● **Task instructions**
For the records that follow, please set down exactly the lines between the one holding "Prefeitura de Castro" and the one holding "Charming Unit Apartment", inclusive, and only those.

● **Records supplied**
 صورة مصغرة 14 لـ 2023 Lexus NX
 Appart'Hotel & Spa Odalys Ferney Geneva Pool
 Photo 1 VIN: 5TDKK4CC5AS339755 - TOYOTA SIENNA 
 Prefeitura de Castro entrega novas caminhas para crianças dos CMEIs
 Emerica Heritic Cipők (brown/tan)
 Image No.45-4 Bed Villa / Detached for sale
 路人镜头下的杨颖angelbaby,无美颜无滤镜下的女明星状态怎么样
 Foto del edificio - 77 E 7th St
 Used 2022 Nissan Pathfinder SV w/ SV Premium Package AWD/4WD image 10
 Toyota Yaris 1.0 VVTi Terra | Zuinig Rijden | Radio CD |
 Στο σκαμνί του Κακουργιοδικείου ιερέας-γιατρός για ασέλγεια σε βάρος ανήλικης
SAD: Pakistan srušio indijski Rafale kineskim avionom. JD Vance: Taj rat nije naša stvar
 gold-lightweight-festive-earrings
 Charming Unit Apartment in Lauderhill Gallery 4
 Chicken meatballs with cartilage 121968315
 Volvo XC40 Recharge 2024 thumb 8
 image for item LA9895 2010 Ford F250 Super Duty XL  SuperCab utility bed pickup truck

● **Reply to the exercise**
 Prefeitura de Castro entrega novas caminhas para crianças dos CMEIs
 Emerica Heritic Cipők (brown/tan)
 Image No.45-4 Bed Villa / Detached for sale
 路人镜头下的杨颖angelbaby,无美颜无滤镜下的女明星状态怎么样
 Foto del edificio - 77 E 7th St
 Used 2022 Nissan Pathfinder SV w/ SV Premium Package AWD/4WD image 10
 Toyota Yaris 1.0 VVTi Terra | Zuinig Rijden | Radio CD |
 Στο σκαμνί του Κακουργιοδικείου ιερέας-γιατρός για ασέλγεια σε βάρος ανήλικης
SAD: Pakistan srušio indijski Rafale kineskim avionom. JD Vance: Taj rat nije naša stvar
 gold-lightweight-festive-earrings
 Charming Unit Apartment in Lauderhill Gallery 4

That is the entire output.